**Your assignment**
Search the records for the word "Photo" and copy every line in which it occurs.

[Caption-style text data]
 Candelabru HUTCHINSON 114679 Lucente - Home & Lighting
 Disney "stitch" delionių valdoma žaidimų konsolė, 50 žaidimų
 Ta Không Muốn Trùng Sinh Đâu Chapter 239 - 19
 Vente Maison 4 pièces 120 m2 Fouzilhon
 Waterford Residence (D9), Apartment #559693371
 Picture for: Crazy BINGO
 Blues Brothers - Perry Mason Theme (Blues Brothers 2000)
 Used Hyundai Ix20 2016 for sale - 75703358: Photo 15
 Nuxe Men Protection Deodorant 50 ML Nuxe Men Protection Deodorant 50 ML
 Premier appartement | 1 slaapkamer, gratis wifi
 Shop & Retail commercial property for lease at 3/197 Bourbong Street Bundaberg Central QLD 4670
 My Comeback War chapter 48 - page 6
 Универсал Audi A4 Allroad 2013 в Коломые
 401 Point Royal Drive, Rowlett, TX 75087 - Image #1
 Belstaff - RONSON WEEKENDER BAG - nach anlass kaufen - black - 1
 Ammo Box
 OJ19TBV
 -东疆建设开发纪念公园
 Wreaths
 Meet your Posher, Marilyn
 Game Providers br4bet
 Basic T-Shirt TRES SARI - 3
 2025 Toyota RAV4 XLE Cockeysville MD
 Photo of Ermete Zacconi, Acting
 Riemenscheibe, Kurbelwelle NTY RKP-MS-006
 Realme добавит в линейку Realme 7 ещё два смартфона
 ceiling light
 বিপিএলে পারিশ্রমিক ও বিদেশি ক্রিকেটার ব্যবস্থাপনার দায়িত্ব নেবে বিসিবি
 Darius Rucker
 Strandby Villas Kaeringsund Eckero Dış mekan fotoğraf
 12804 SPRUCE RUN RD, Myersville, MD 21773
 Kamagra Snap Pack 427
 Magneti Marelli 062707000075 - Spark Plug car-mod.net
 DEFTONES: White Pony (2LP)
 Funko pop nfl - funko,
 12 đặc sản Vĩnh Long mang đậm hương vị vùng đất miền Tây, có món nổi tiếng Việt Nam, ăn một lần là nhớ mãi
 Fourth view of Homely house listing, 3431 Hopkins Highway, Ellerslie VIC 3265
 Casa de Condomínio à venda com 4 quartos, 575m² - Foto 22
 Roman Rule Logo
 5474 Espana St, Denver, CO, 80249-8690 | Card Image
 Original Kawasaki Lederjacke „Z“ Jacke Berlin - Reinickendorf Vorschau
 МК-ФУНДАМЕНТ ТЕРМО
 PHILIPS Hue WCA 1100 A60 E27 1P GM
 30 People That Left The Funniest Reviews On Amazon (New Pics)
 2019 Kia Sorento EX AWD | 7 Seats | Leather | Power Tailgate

**Exercise response**
 Used Hyundai Ix20 2016 for sale - 75703358: Photo 15
 Photo of Ermete Zacconi, Acting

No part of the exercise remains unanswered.